BC would be my pick for ob. but please don't buy a BC for ob because you will only be providing financial support to a breed destroying AKC breeder - if you disagree then ask the breeder to let an untrained pup loose demonstrate how much break, cover n hold its has instinctually, if the dog or breeder aren't willing then cull them both.

hope this helps, please be careful who's breeding practices you support, you owe it to these dogs.


----------



## brad robert (Nov 26, 2008)

Peter i had lived rurally for many years here in australia and i only know about working kelpies and working cattle dogs period in fact i dont think i have seen a showline kelpie, although i know the ACD as a show dog is a shadow of the working dog and now they breed for size etc it was same for the kelpie.I hope that clears it up?

Futhermore my friends or myself would not buy a showline BC either and would only buy a "sheepdog" and from what i see here are just a "muttly" for loss of a better word looking BC.

So far had one person choose the BC but people like the ACD attitude.Not hard to see why.


----------



## Howard Gaines III (Dec 26, 2007)

Brad you don't say anything about if you're getting them from working or show lines.
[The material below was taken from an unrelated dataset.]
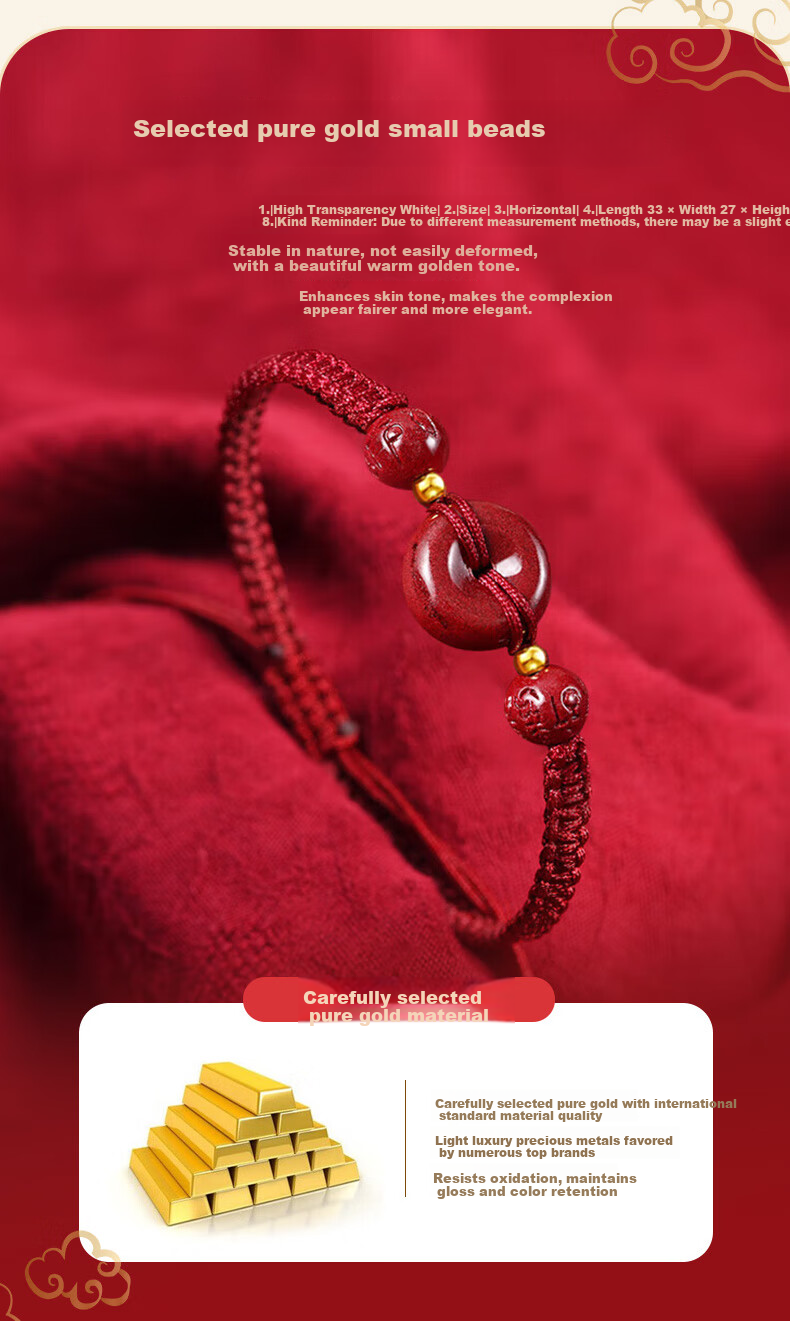 ALLOVE Peace Jade Pendant Gold Bracelet Women's 2026 New Year Lucky Charm Birthday Gift for Girlfriend Wife 3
As a BC breeder and stockdog trainer, I like the TOTAL package of the BC brings to the table. I think it boils down to the quality of the animal and less on breed...


----------



## Tanith Wheeler (Jun 5, 2009)

Sometimes you have to look at the records of successful competitors.
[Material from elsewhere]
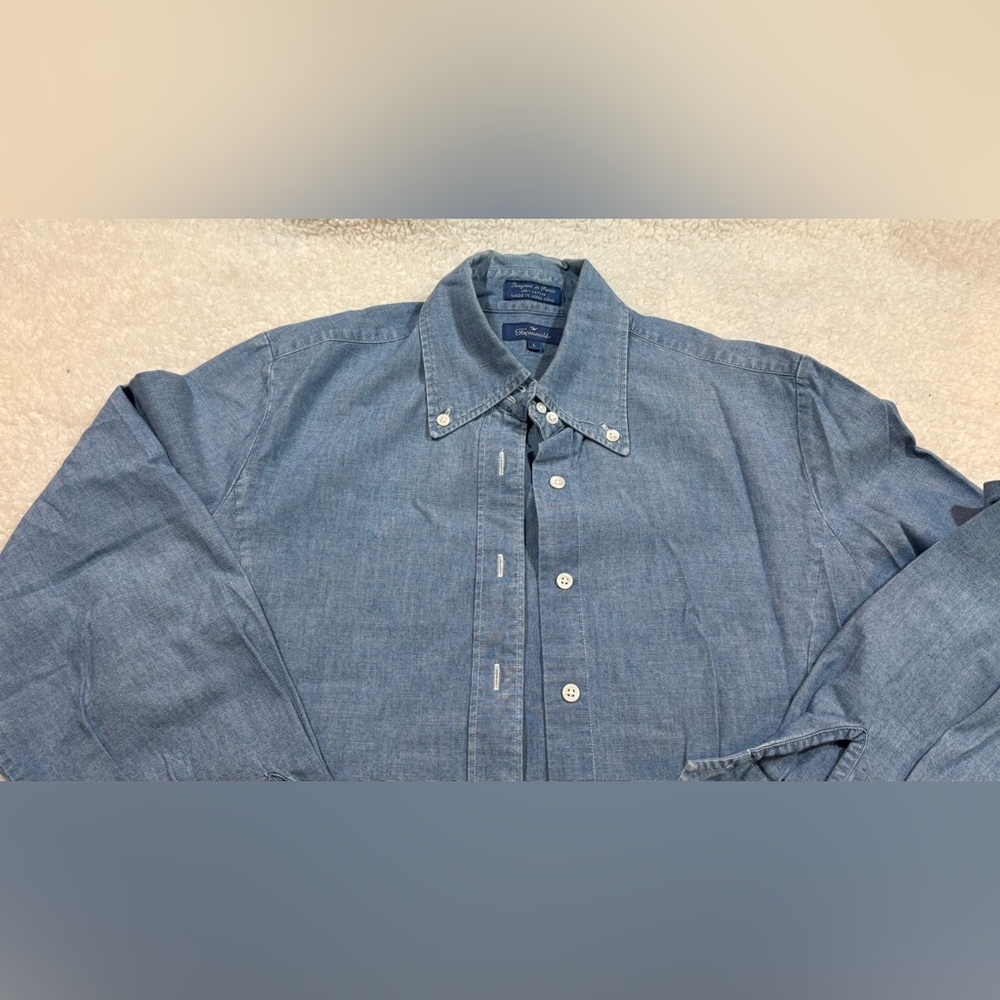 Faconnable Blue Casual Button Down Shirt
Border Collies pretty much rule the obedience circuit
Kelpies have a bit more attitude
ACDs have a lot more attitude and can be really stubborn - harder to train & a point worth mentioning is their size, smaller dogs can be harder to train to keep the 'right' positions.

With all three if you're getting from a working breeder with established lines - find out what they want from their dogs. Do the dogs work close, on command or are they encouraged to be independant free thinkers....?
The nature of the individual breed lines are very important.

Hope that helps


----------



## Molly Graf (Jul 20, 2006)

Border Collie hands down - even the show-line ones can do excellent obedience. They are more biddable in general, easier to train, faster to train and I second the point - look at the results - how many BC's do well in competitive obedience (along with lots of other dog sports) and how many Kelpies and CD's do. Many more BC's - 

I would also steer clear of show lines, for the reasons stated - yes they could do the work but could they do what they are bred to do as well (herd) - if the answer is "no" then IMO don't support that line or breeder. The working lines might not be as pretty, but they can get the job done and also do what they were bred to do. 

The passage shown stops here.